Domani, 5 maggio. Per i più colti la data della morte di Napoleone in esilio a Sant’Elena e di una delle poesia più famose di Alessandro Manzoni. Per chi invece parla e pensa solo al pallone una data infausta per l’Inter che perse lo scudetto in una fatale trasferta all’Olimpico contro la Lazio.
Più modestamente domani, 5 maggio, inizia (quasi a due anni esatti dall’elezioni avvenuta il 6 maggio del 2012) l’era del Tambellini-ter. Dall’entusiasmo delle elezioni e della vittoria netta al ballottaggio, al rimpasto dell’agosto 2013 con le dimissioni dell’assessore allo sport e al turismo Massimo Tuccori si apre una nuova fase dell’esperienza amministrativa di Alessandro Tambellini alla guida di Palazzo Orsetti. E le sfide non mancano anche se questa è forse davvero l’ultima occasione per dimostrare alla città che questa squadra e questa maggioranza sono in grandi di portare quell’aria nuova promessa in campagna elettorale
Nel tempo, infatti, sono caduti tutti i possibili alibi per l’inazione o la difficoltà a operare della giunta Tambellini: dall’inesperienza dei rappresentanti della prima giunta, all’eredità della precedente amministrazione, ai difficili rapporti con i dirigenti della macchina comunale.
Rimane, ha detto il sindaco, la criticità della riduzione dei trasferimenti dei fondi dal governo centrale, con taglio che per il 2014 sfiorano il milione di euro.

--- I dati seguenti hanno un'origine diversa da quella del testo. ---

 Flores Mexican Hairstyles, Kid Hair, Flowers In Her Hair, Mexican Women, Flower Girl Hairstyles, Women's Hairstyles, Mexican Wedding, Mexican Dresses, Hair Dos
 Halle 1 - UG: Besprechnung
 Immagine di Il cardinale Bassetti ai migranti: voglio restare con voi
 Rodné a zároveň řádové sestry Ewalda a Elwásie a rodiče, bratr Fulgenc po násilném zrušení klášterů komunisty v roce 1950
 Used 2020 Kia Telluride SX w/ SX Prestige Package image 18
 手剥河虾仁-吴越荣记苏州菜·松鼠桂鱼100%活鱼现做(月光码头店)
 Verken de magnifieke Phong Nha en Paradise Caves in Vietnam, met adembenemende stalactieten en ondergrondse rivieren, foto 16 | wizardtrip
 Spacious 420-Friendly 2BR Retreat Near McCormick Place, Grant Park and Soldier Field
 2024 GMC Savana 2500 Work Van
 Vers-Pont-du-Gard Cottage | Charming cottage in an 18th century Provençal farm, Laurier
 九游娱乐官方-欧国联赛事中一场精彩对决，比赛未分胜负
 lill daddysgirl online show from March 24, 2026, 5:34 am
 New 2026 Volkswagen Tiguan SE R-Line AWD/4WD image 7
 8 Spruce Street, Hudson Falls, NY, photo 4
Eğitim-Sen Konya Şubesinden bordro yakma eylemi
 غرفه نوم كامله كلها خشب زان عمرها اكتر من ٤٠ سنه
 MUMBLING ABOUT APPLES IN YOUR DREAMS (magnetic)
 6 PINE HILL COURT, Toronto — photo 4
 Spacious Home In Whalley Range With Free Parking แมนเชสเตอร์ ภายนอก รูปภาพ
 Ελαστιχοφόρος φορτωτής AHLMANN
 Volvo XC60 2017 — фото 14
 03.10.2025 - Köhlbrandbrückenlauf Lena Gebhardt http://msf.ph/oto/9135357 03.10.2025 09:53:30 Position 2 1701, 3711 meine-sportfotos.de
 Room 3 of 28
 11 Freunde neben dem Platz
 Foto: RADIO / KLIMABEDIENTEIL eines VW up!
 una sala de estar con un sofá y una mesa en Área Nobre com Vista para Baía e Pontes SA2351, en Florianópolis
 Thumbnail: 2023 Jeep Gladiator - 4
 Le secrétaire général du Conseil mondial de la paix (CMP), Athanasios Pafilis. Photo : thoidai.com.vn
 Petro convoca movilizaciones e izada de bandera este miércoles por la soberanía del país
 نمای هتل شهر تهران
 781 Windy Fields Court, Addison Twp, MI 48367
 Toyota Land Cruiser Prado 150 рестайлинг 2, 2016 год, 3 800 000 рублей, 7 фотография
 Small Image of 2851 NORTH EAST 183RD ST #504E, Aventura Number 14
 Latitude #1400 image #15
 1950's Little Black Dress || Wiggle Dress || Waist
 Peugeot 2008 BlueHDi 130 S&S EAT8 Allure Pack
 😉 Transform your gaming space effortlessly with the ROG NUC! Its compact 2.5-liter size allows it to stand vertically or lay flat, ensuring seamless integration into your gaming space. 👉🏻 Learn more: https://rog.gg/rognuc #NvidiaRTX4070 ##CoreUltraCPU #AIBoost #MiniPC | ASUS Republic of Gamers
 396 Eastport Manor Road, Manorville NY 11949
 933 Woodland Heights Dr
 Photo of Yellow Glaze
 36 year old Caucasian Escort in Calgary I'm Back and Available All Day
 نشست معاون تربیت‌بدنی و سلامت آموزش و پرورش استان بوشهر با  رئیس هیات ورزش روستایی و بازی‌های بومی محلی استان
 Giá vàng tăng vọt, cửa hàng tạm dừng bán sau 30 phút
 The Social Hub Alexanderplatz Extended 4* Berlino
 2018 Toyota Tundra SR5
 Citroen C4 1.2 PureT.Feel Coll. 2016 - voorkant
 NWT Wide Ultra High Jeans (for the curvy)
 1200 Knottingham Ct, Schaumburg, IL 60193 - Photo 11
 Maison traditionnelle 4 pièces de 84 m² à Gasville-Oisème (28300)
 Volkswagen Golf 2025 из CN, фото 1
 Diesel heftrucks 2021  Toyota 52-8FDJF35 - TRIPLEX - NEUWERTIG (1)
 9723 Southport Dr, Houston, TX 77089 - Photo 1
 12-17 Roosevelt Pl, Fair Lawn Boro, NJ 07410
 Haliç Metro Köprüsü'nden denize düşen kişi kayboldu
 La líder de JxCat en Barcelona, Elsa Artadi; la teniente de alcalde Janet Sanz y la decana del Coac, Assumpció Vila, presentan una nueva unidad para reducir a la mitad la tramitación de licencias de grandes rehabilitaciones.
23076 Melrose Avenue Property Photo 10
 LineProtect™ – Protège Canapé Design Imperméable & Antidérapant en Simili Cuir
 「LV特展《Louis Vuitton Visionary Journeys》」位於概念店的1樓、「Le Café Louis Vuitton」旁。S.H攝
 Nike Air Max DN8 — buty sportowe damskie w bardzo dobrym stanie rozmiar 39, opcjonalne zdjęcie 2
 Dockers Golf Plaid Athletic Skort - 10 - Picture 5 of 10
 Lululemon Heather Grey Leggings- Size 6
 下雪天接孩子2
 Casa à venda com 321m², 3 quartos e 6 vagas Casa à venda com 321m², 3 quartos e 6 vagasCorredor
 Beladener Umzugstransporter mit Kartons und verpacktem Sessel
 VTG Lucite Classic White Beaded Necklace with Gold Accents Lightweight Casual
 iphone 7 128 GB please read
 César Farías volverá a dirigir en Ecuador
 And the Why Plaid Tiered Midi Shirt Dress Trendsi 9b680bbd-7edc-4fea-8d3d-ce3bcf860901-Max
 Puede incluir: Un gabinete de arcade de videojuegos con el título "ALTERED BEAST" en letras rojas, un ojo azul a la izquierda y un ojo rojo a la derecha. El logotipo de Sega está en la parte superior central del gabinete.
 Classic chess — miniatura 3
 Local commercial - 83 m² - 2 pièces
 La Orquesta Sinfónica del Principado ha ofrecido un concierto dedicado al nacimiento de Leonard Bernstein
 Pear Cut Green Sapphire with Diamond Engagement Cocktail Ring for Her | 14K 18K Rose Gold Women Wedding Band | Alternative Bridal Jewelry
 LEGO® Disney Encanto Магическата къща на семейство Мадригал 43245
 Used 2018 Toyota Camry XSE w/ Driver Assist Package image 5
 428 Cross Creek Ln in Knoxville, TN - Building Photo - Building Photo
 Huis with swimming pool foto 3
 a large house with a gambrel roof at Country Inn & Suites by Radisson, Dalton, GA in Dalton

Ed è per questo che, nel confronto politico che si terrà da domani oltre che di composizione della giunta bisognerà parlare di priorità. Mettendo insieme tutte le componenti della maggioranza (correnti comprese) per cercare di indicare quali saranno i punti fondamentali da sviluppare da qui alla fine della consiliatura. Turismo, cultura, ambiente, urbanistica che sia rispetto al programma elettorale originario e viste le risorse scarse si dovrà privilegiare qualche obiettivo e metterne da parte altri, costruendo in questo senso una squadra che sia in grado di “portare a casa il risultato” per usare una metafora calcistica.
Non ne va, come è ovvio, soltanto del bene della città. Ne va anche del futuro del centrosinistra in città, tema che dovrebbe interessare tutti coloro che hanno scelto di appoggiare il sindaco Alessandro Tambellini alle elezioni di due anni fa. Ed è per questo che tutti. anche valutando l’ipotesi di rafforzare la maggioranza guardando al centro dello schieramento consiliare valutando anche le mutate condizioni della politica nazionale, sono chiamati ad interrogarsi su una sorta di patto di legislatura.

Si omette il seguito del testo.